CPT code 93580: Percutaneous transcatheter closure of interatrial defect

Key Takeaways

Key Takeaways

CPT Code 93580 describes percutaneous transcatheter closure of a congenital interatrial communication (Fontan fenestration, ASD) with implant.

Valid paired ICD-10 diagnoses include Q21.1 (atrial septal defect) for congenital closures; some payers also accept I51.0 (acquired cardiac septal defect) and I23.1 (ASD post-MI).

NCCI edits bundle 93580 with open septal defect repair codes; billing 93580 alongside 93531 (right and left heart cath) triggers an NCCI procedure-to-procedure (PTP) edit.

Pabau’s claims management software helps cardiology billing teams track prior authorization status, attach supporting documentation, and reduce claim denials for complex structural heart codes.

This reference covers the official CPT Code 93580 descriptor, applicable ICD-10 diagnosis codes, modifier rules, NCCI edit exposure, payer-specific coverage policies, and 2025-2026 Medicare reimbursement data for interventional cardiologists and hospital billing departments.

CPT Code 93580: Procedure definition and clinical description

CPT Code 93580 is maintained by the American Medical Association as part of the Repair Procedures of Structural Heart Defect subsection (93580-93582) within the Medicine section of the CPT code set.

The official descriptor reads: Percutaneous transcatheter closure of congenital interatrial communication (i.e., Fontan fenestration, atrial septal defect) with implant.

Three anatomical targets are commonly reported under 93580:

  • Atrial septal defect (ASD): A hole in the wall between the heart’s upper chambers, present from birth. The most common structural variant coded to 93580.
  • Patent foramen ovale (PFO): A flap-like opening in the atrial septum that failed to close after birth. Multiple payer policies explicitly include PFO closure under 93580.
  • Fontan fenestration: A surgically created communication between the systemic venous pathway and the pulmonary circuit in Fontan palliation patients. Percutaneous closure of this fenestration maps to 93580.

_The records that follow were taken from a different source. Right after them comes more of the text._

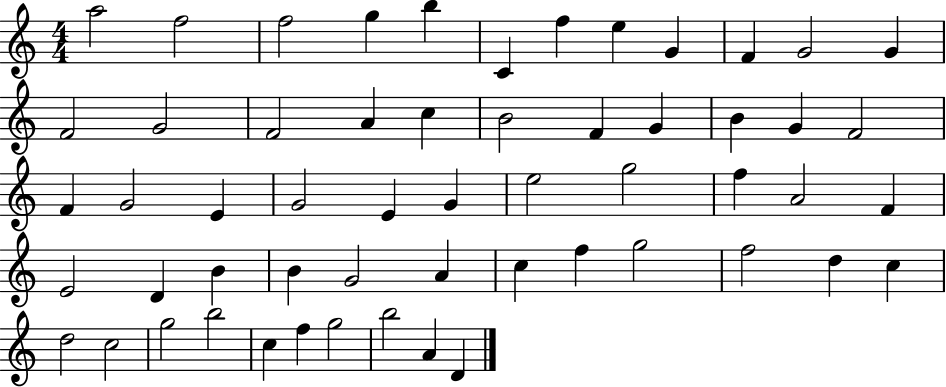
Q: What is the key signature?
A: C major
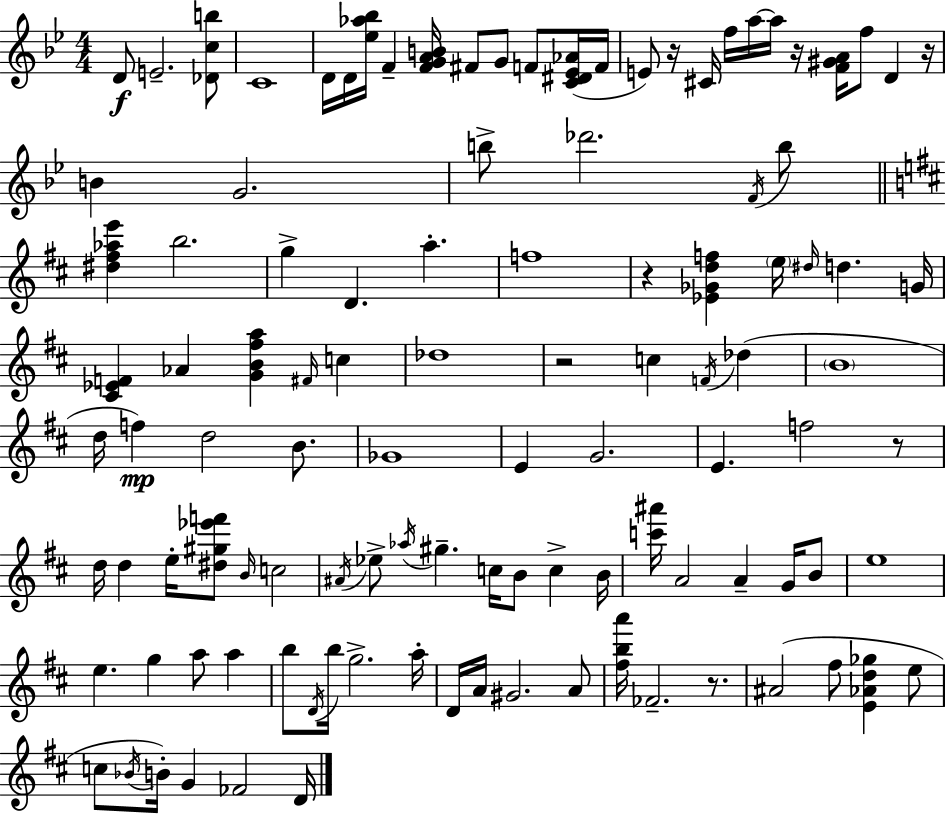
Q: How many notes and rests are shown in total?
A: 110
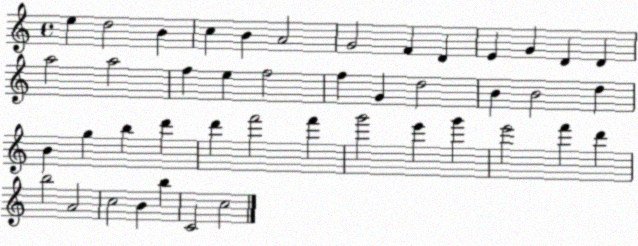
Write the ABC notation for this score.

X:1
T:Untitled
M:4/4
L:1/4
K:C
e d2 B c B A2 G2 F D E G D D a2 a2 f e f2 f G d2 B B2 d B g b d' d' f'2 f' g'2 e' g' e'2 f' d' b2 A2 c2 B b C2 c2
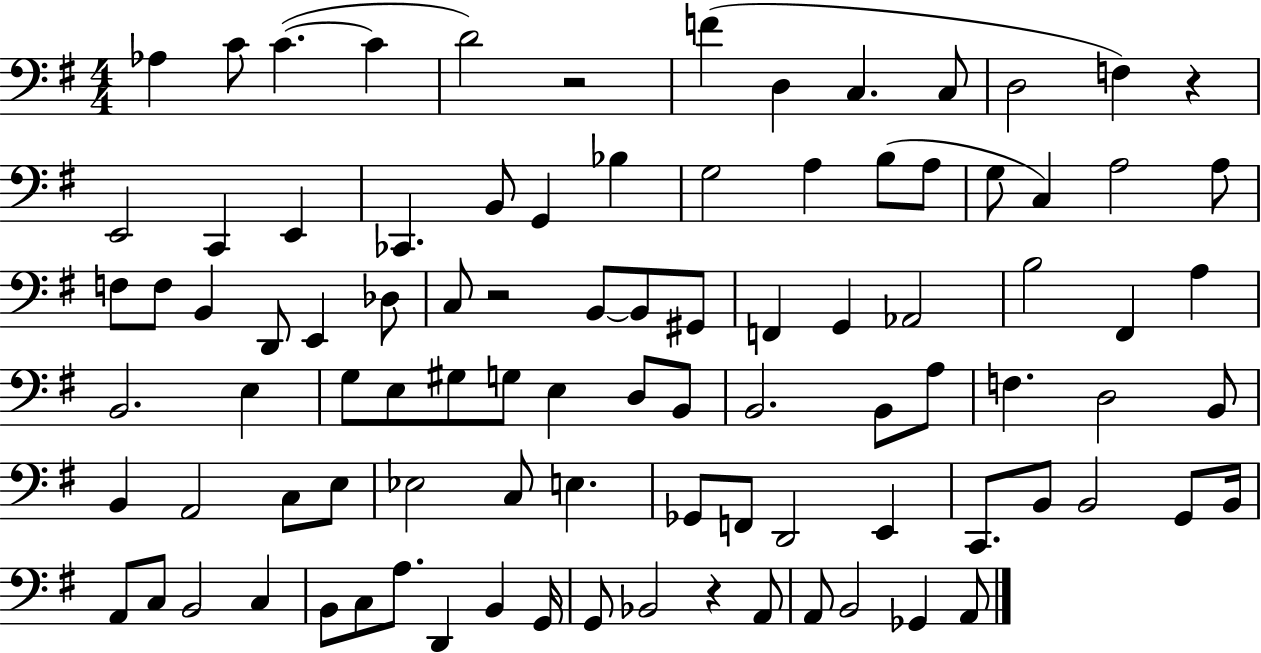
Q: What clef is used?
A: bass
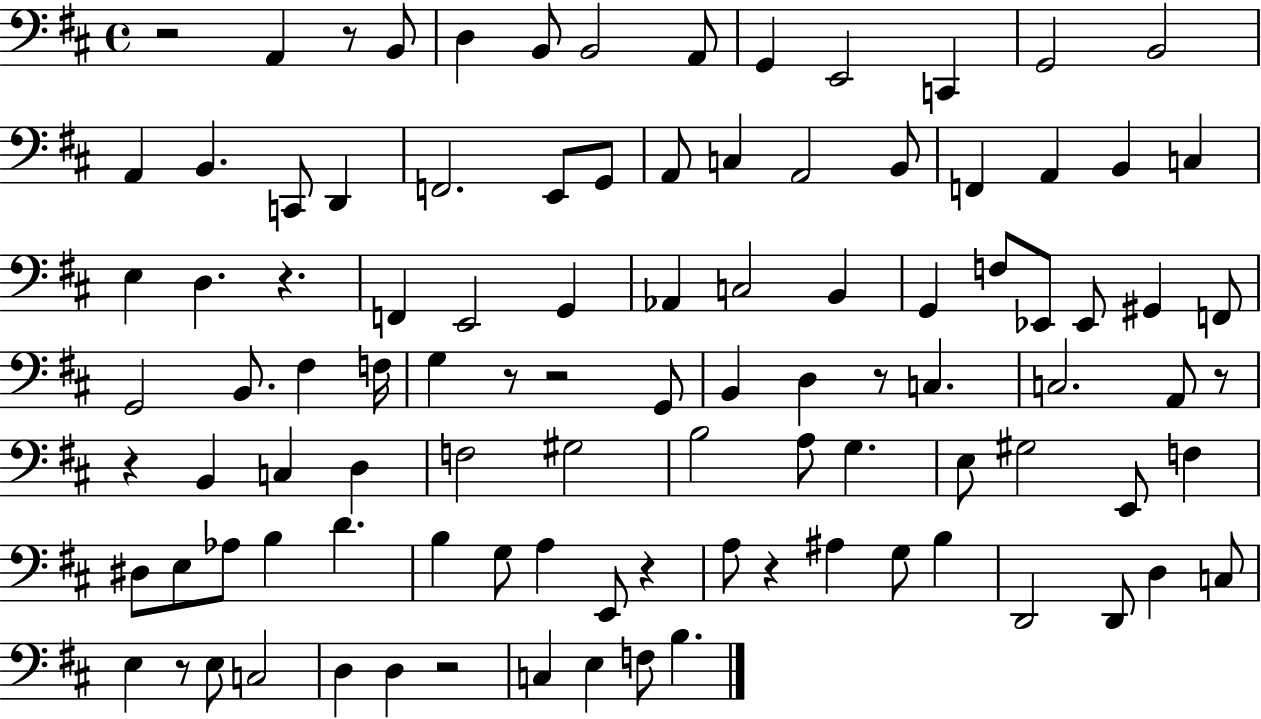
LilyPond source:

{
  \clef bass
  \time 4/4
  \defaultTimeSignature
  \key d \major
  r2 a,4 r8 b,8 | d4 b,8 b,2 a,8 | g,4 e,2 c,4 | g,2 b,2 | \break a,4 b,4. c,8 d,4 | f,2. e,8 g,8 | a,8 c4 a,2 b,8 | f,4 a,4 b,4 c4 | \break e4 d4. r4. | f,4 e,2 g,4 | aes,4 c2 b,4 | g,4 f8 ees,8 ees,8 gis,4 f,8 | \break g,2 b,8. fis4 f16 | g4 r8 r2 g,8 | b,4 d4 r8 c4. | c2. a,8 r8 | \break r4 b,4 c4 d4 | f2 gis2 | b2 a8 g4. | e8 gis2 e,8 f4 | \break dis8 e8 aes8 b4 d'4. | b4 g8 a4 e,8 r4 | a8 r4 ais4 g8 b4 | d,2 d,8 d4 c8 | \break e4 r8 e8 c2 | d4 d4 r2 | c4 e4 f8 b4. | \bar "|."
}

The procedure involves advancing a catheter via venous access (typically transfemoral), crossing the interatrial septum, and deploying a septal occluder device under fluoroscopic and echocardiographic guidance. No thoracotomy or cardiopulmonary bypass is required.

CPT 93580 is a global code covering the entire interventional episode: access, catheter manipulation, septal crossing, device deployment, and imaging confirmation. Services inherently included in the global procedure are not separately reportable. For CPT coding resources for specialty practices, understanding which services are bundled versus separately billable is the first step in avoiding denials.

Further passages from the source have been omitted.